───── INFORMATION PROVIDED ─────

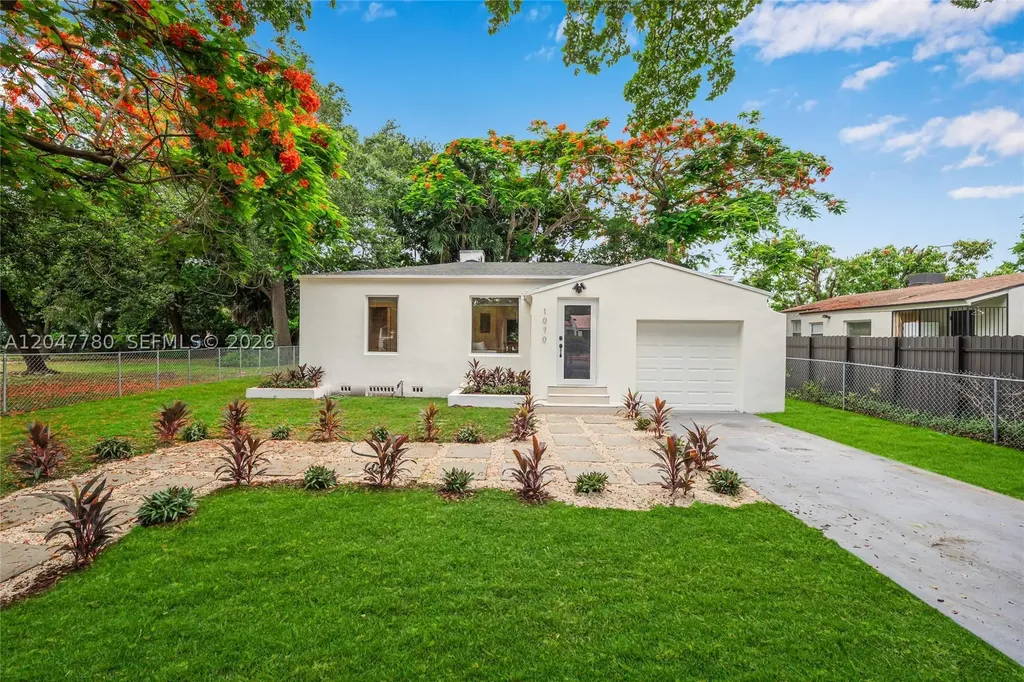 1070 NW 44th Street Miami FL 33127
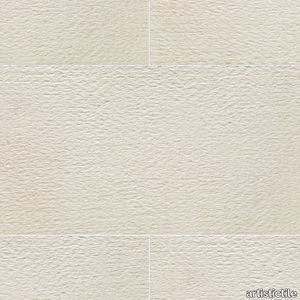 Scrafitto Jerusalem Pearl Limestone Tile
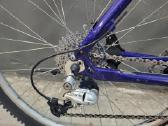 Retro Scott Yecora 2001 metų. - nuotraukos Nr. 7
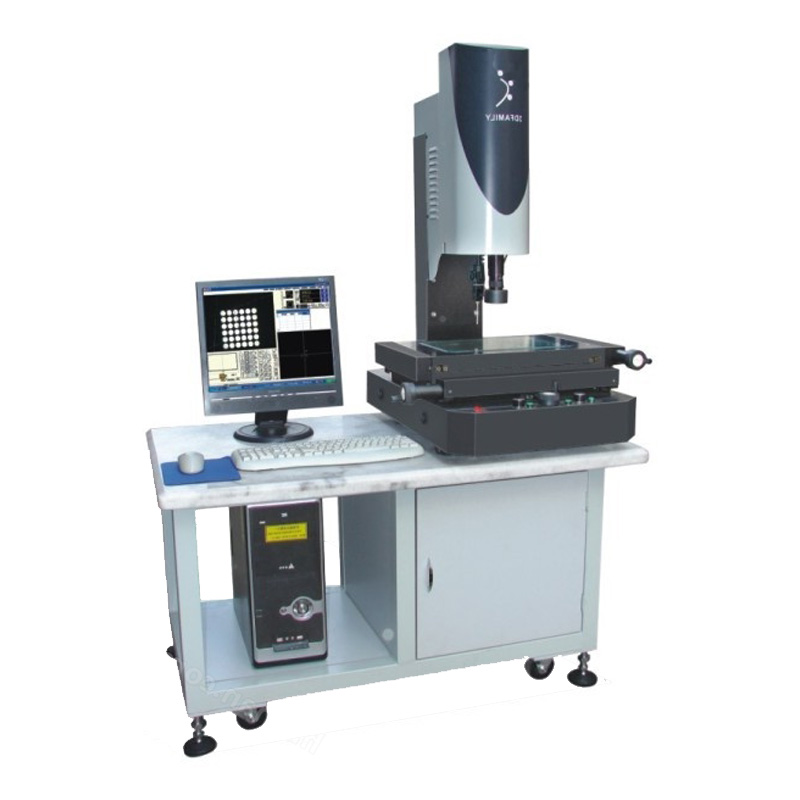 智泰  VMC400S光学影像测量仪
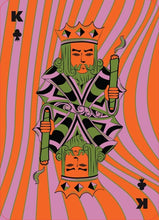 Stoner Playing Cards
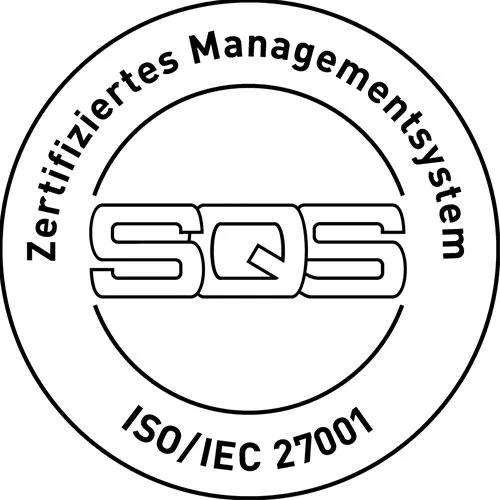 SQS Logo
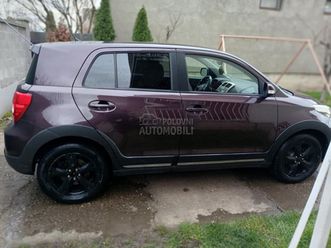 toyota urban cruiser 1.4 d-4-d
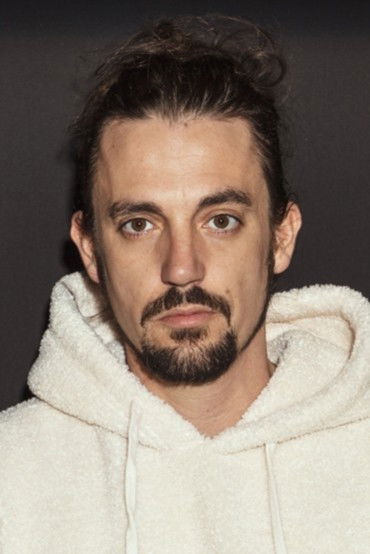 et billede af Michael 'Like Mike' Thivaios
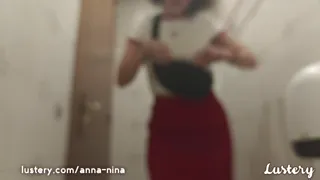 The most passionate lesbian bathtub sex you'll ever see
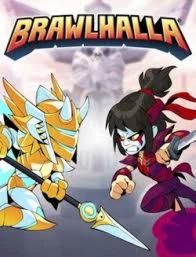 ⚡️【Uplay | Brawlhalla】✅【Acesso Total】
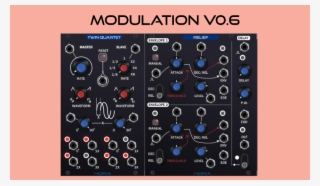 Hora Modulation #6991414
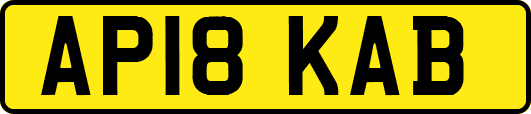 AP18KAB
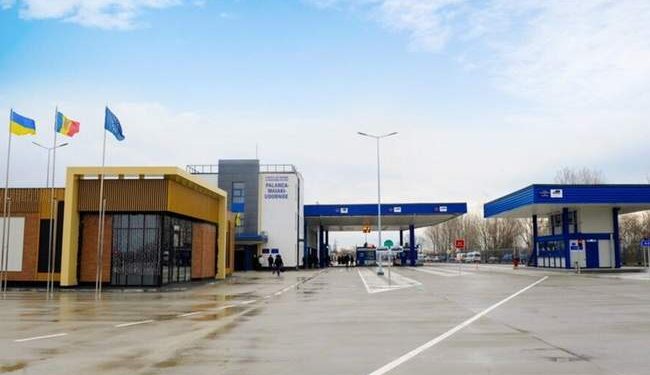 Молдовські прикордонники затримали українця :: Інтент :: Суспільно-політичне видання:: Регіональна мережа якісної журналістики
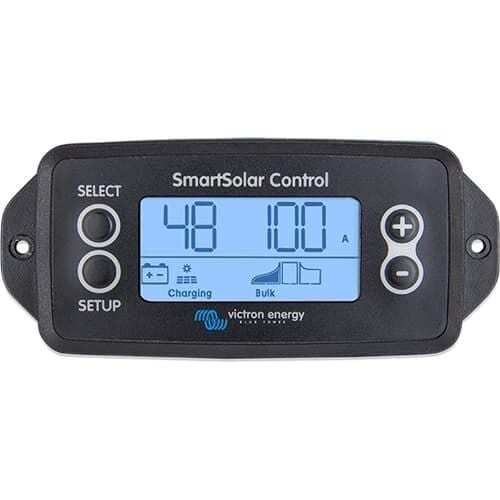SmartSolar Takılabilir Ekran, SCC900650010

─────

● DIRECTIONS: None of the pictures should appear, though every line of the data above must be reproduced exactly.

● COMPLETED EXERCISE:
 1070 NW 44th Street Miami FL 33127
 Scrafitto Jerusalem Pearl Limestone Tile
 Retro Scott Yecora 2001 metų. - nuotraukos Nr. 7
 智泰  VMC400S光学影像测量仪
 Stoner Playing Cards
 SQS Logo
 toyota urban cruiser 1.4 d-4-d
 et billede af Michael 'Like Mike' Thivaios
 The most passionate lesbian bathtub sex you'll ever see
 ⚡️【Uplay | Brawlhalla】✅【Acesso Total】
 Hora Modulation #6991414
 AP18KAB
 Молдовські прикордонники затримали українця :: Інтент :: Суспільно-політичне видання:: Регіональна мережа якісної журналістики
SmartSolar Takılabilir Ekran, SCC900650010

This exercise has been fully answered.